A detailed comparison by chromatography and disc electrophoresis established that interphase and metaphase histones are made up of similar components. However, certain quantitative differences in proportions of different histones of interphase and metaphase cells are reported. Indirect evidence indicates that a certain proportion of metaphase histone III is polymerized through intermolecular disulfide links, whereas interphase histone III occurs mainly in the monomeric form.

Metaphase chromosomes are associated with an additional acid-soluble protein fraction which is absent from interphase chromosomes. All of these additional acid-soluble proteins of metaphase chromosomes are shown to be non-histones and it is concluded that the histone/DNA ratio is identical in interphase and metaphase chromosomes. The bulk of acid-soluble non-histone proteins of metaphase chromosomes were found to be polymerized through disulfide bridges; corresponding interphase non-histone proteins displayed no evidence of similar polymerization.

The factors responsible for the condensed configuration and metabolic inactivity of metaphase chromosomes are discussed in light of these findings.

The relationship between histone and DNA synthesis in nondividing differentiated chicken erythrocyte cells and in rapidly dividing undifferentiated HeLa cells is also investigated. Of all the histones, only arginine-rich histones are synthesized in mature erythrocytes. Histone synthesis in HeLa cells was studied in both unsynchronized and synchronized cultures. In HeLa cells, only part of the synthesis of all histone fractions is dependent on concurrent DNA synthesis, whereas all histones are synthesized in varying degrees even in the absence of DNA synthesis.

Investigations of nonhistone chromosomal proteins

The major nonhistone chromosomal proteins (NHC proteins) are a group of 14-20 acidic proteins associated with DNA in eukaryotic chromatin. In comparisons by SDS gel electrophoresis (molecular weight sieving) one observes a high degree of homology among the NHC protein fractions of different tissues from a given species. Tissue-specific protein bands are also observed. The appearance of a new NHC protein, A, in the NHC proteins of rat liver stimulated to divide by partial hepatectomy and of rat ascites cells suggests that this protein may play a role in preparing the cell for division. The NHC proteins of the same tissue from different species are also very similar. Quantitative but not qualitative changes in the NHC proteins of rat uterus are observed on stimulation (in vivo) with estrogen. These observations suggest that the major NHC proteins play a general role in chromatin structure and the regulation of genome expression; several may be enzymes of nucleic acid and histone metabolism and/or structural proteins analogous to histones. One such enzyme, a protease which readily and preferentially degrades histones, can be extracted from chromatin with 0.7 N NaCl.

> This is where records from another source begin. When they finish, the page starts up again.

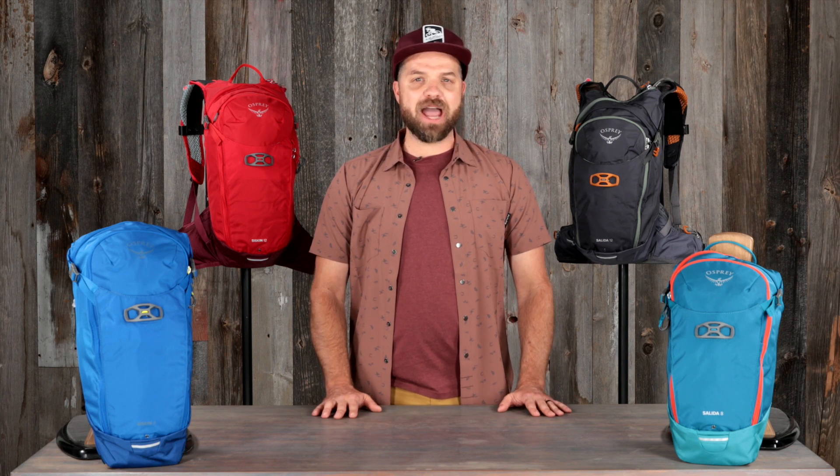So if you're an experienced rider who's dialed in exactly what gear you need and want a pack that does it all, then the Siskin and Salida will let you shred the trails without weighing you down.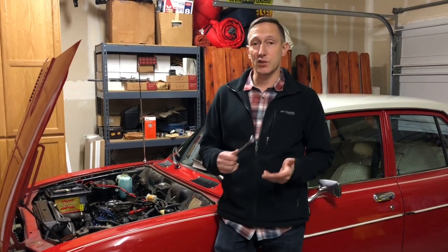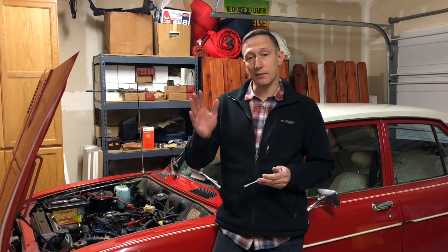But if you happen to have the engine that I have, that may help you to find it, because it can be very difficult to find. Good luck with your RX2.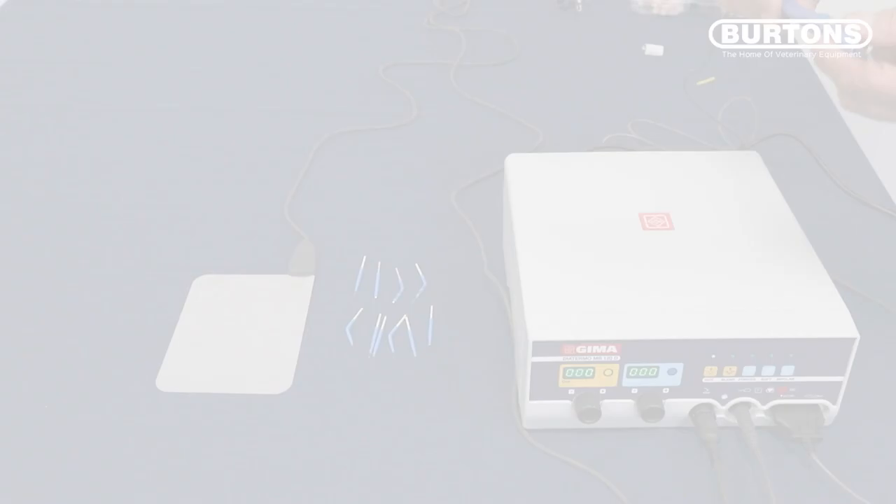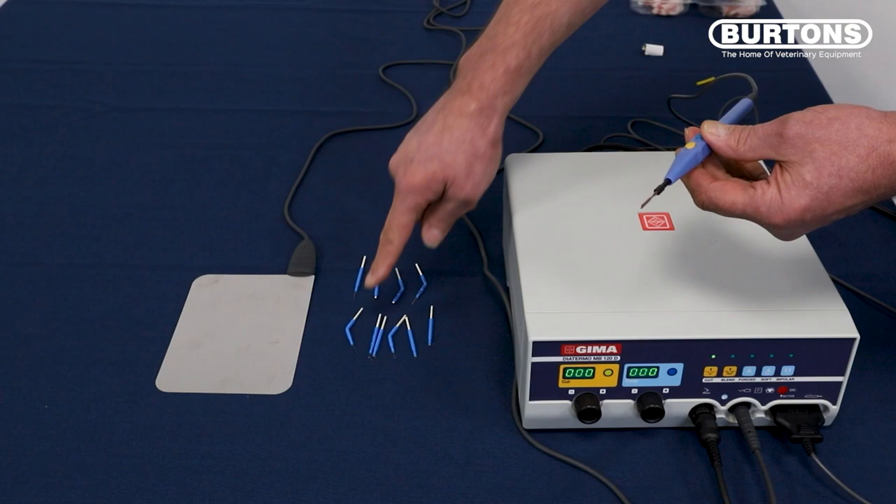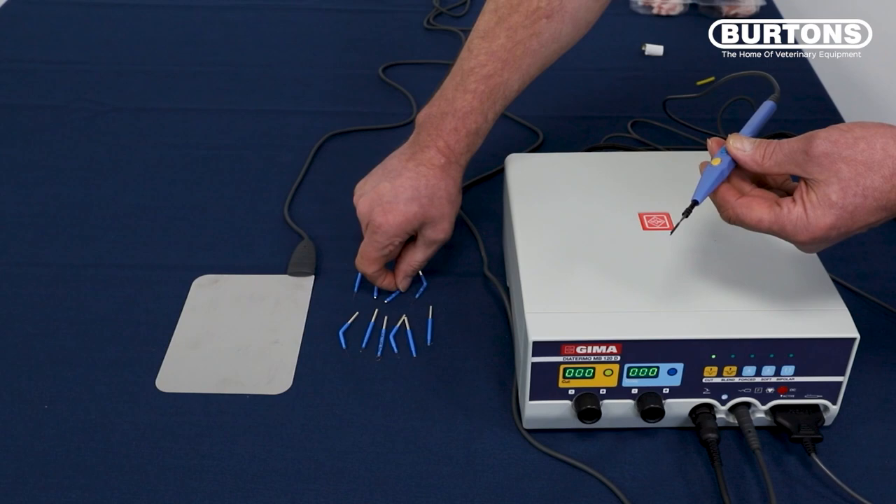The handpiece comes already installed with a spatula tip, but there are several other styles as well. You have a fine wire tip for making fine incisions, loop tips and ball tips, and there's also a hook.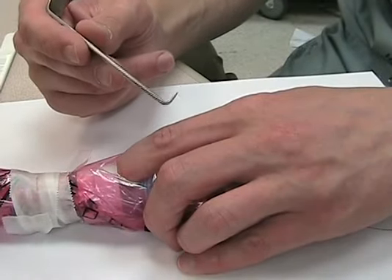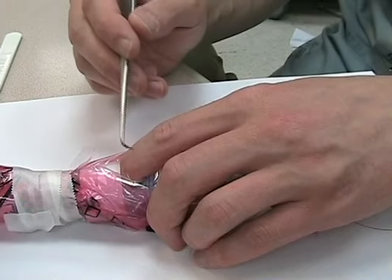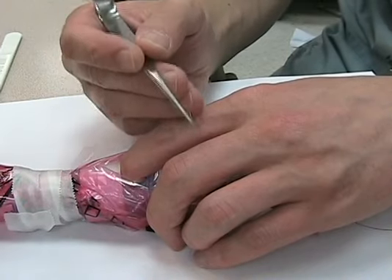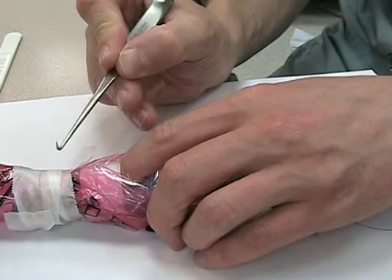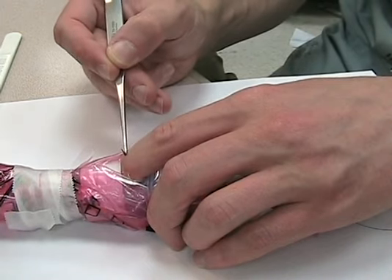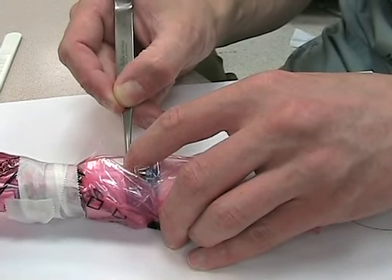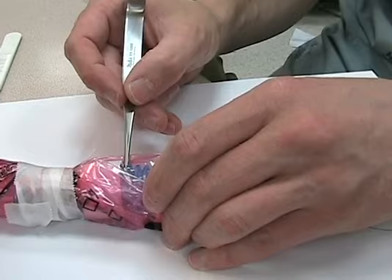Grab your tracheal hook. It goes in not with the spike end down — you'll cut your finger — it goes in with the spike end facing the ceiling. That puts the nice soft rounded tip up against your index finger, and you're going to slide that into the hole. Now you can take your index finger out because the hook is in there.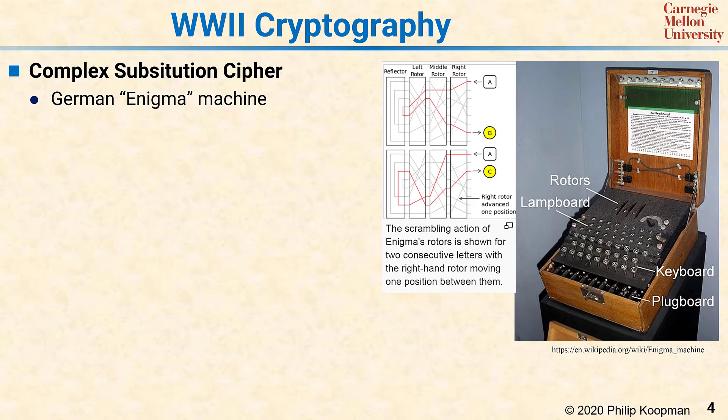With an Enigma machine, the message was entered one letter at a time, and as a key was pressed, an electrical signal from that key would go through the three rotors. Each time it went through a rotor, it would be scrambled from one position to another based on the rotor design and the rotor orientation.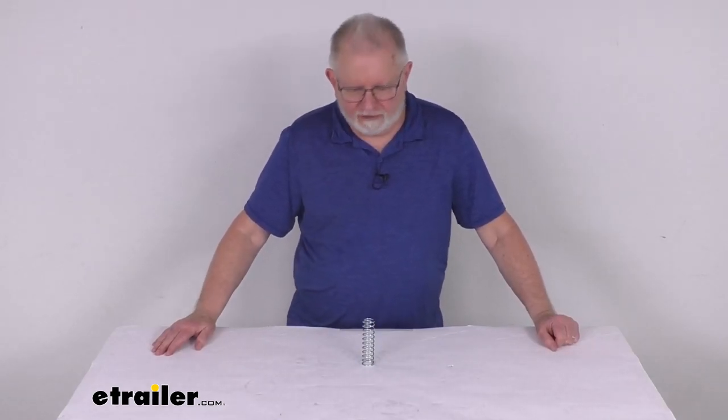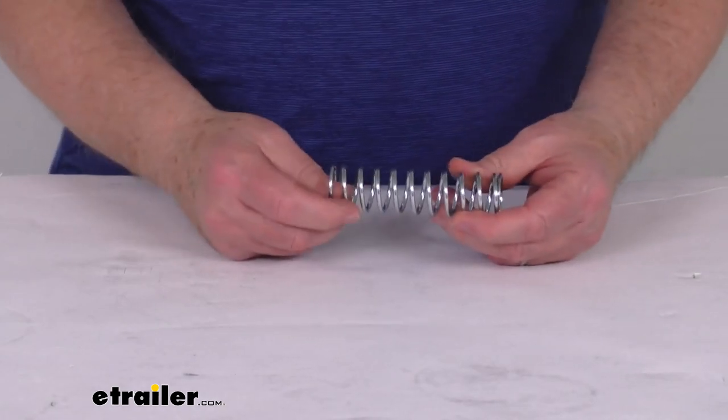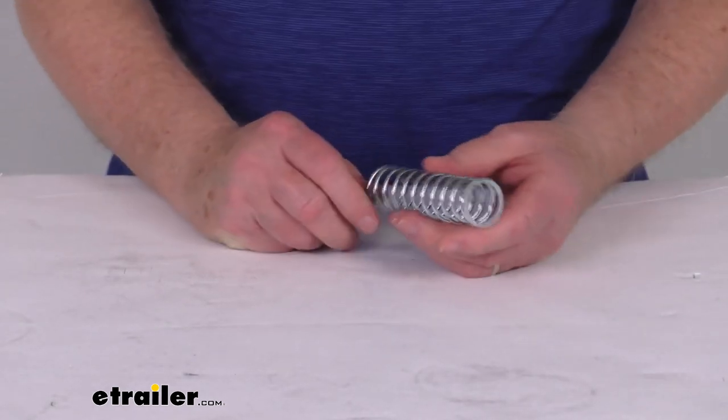Hello everybody, this is Jeff at eTrailer.com. Today we're going to take a look at the replacement choker spring for the Curt Quick Goose 2 Gooseneck Hitch. This part here is a replacement choker spring on the Curt Quick Goose 2 Hitch.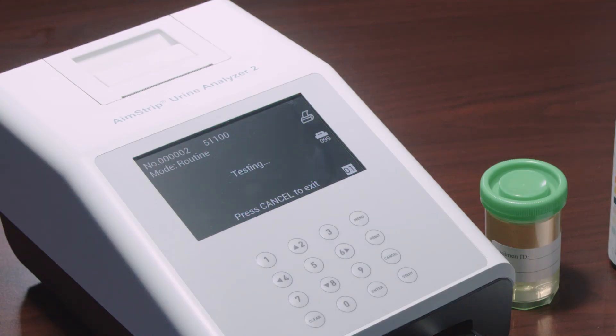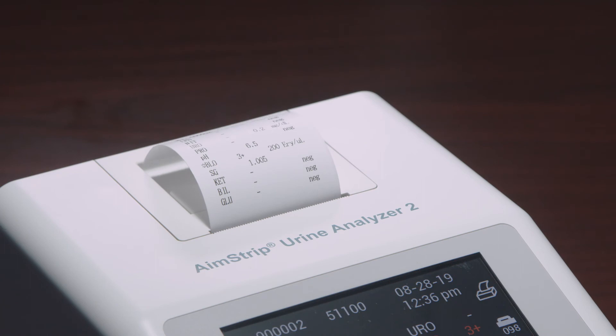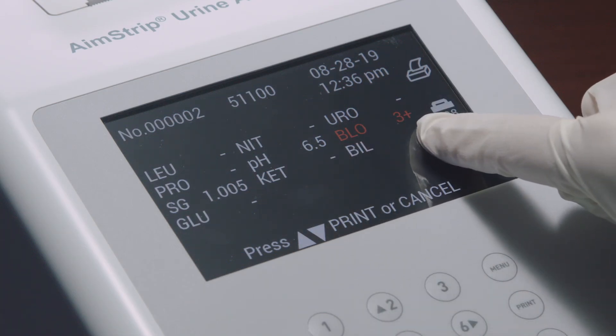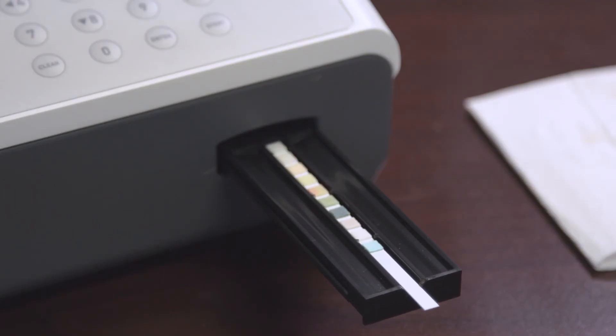When the countdown clock reaches one, the strip holder will carry the strip inside the analyzer and begin testing. The results will be displayed on the screen and stored in memory after each test. If Auto Print is on, the results will be printed automatically; any abnormal results will be highlighted on the screen and flagged on the printout. Remove the used strip from the strip holder when the strip carrier moves out, and discard it according to local regulations.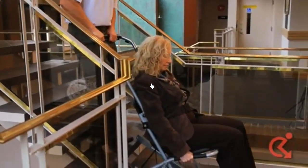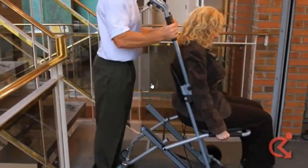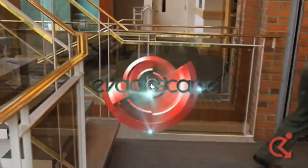When the Evacuscape chair reaches the bottom of the stairs, pull out the rear wheels to convert the Evacuscape chair back to transit mode and proceed to the next stairway or exit.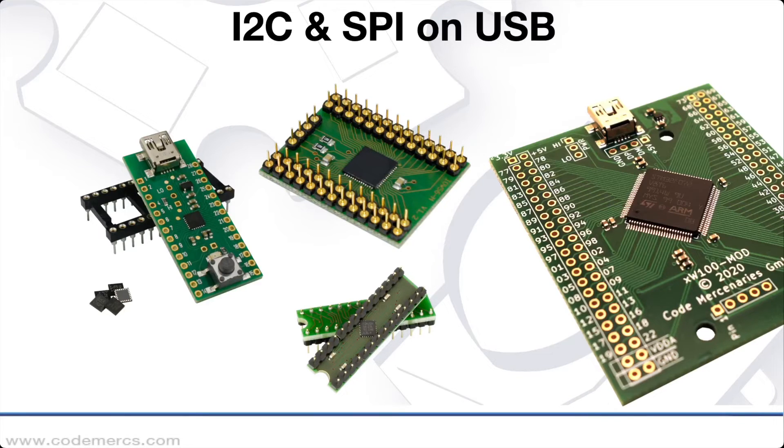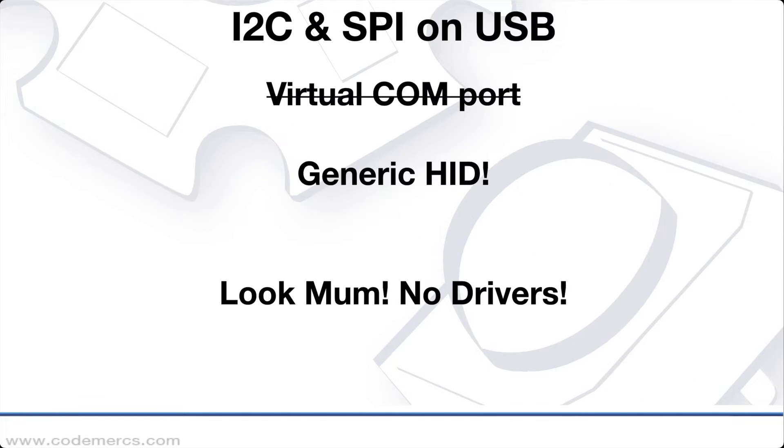One option is to use our IO Warrior controllers. These are generic IO controllers connected to USB. They offer simple IO pins as well as higher functions like I2C, SPI, ADC, and many more. One big advantage of the IO Warriors is that they are not virtual COM port devices and they don't need any specific drivers.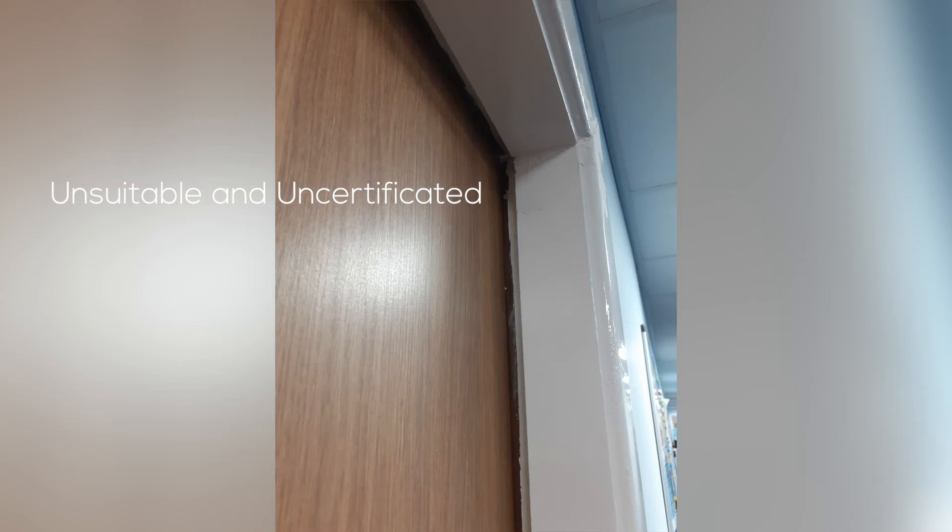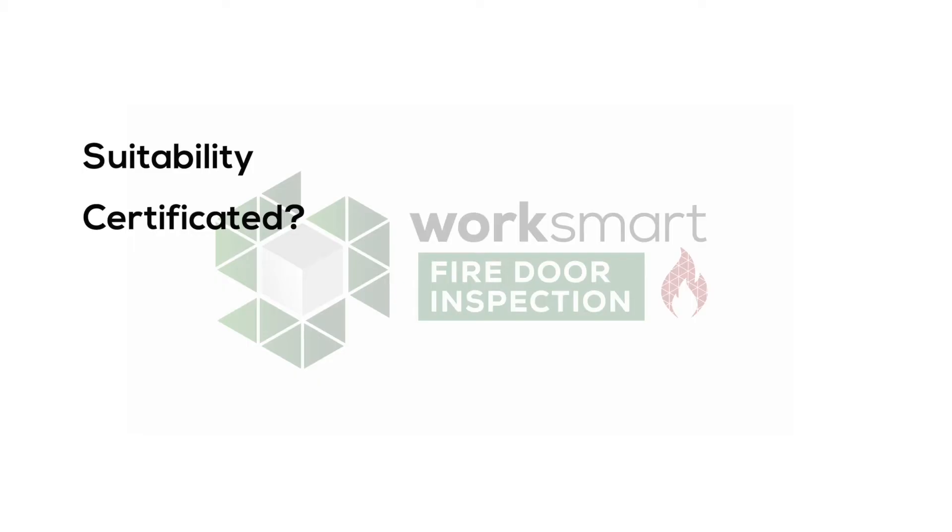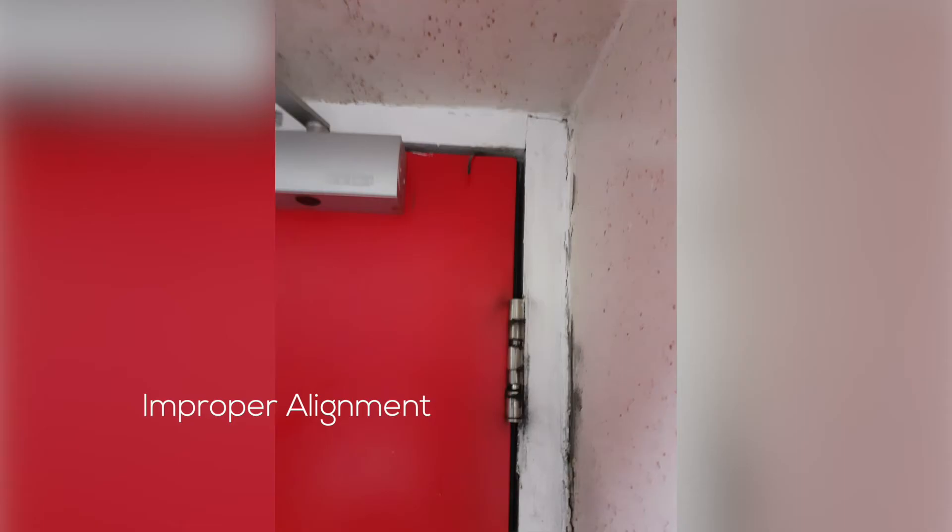Is it obviously not a fire door — for example, is it a hollow core door? Is it well aligned within the door frame? Are the gaps within tolerance? And these tolerances are very small.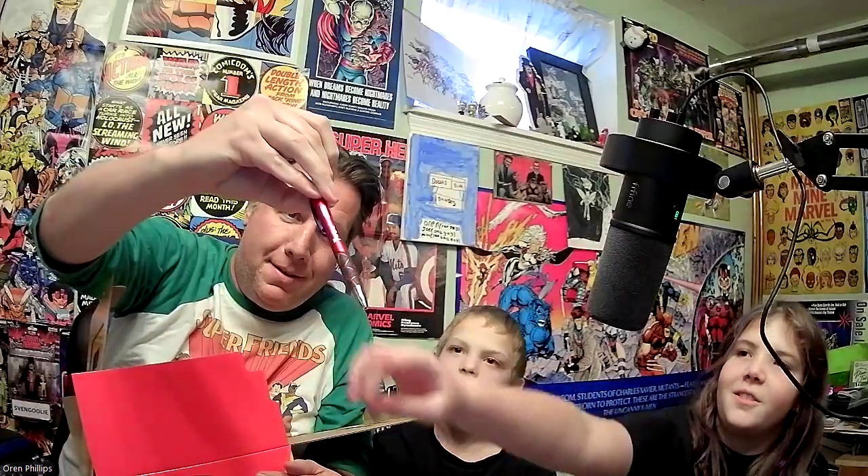Not too bad — I have a Svengoolie pen! The colors on it look like Miles Morales. I can do my notes on that. Alright, a couple items left.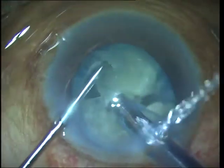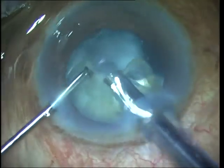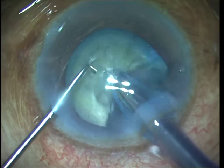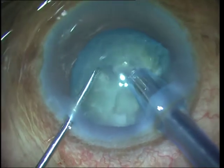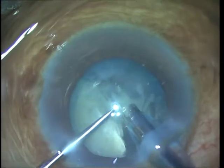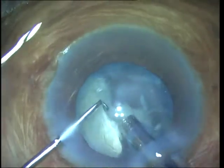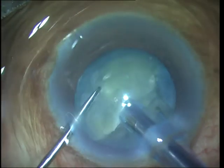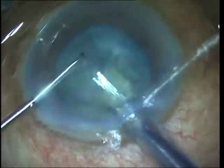The one I am using here is a Chang modified micro finger. I have no financial interest. What I do is take it gently around the equator of the nucleus and then bring it forwards towards the phaco probe to horizontally chop the nucleus into pieces. I chop it into small pieces and remove most of the pieces within the capsular bag while the majority of the remaining nucleus is still holding the capsular bag open.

Although the NHC proteins readily aggregate, they can be separated from histone and fractionated by ion exchange chromatography on Sephadex SE C-25 resin in 10 M urea-25% formic acid (pH 2.5). Following further purification, four fractions of NHC protein are obtained; two of these are single purified proteins, and the other two contain 4-6 and 4-7 different proteins. These NHC proteins show a ratio of acidic to basic amino acids from 2.7 to 1.2 and isoelectric points from apparently less than 3.7 to 8.0. These isolated fractions appear more soluble and easier to work with than any whole NHC protein preparation.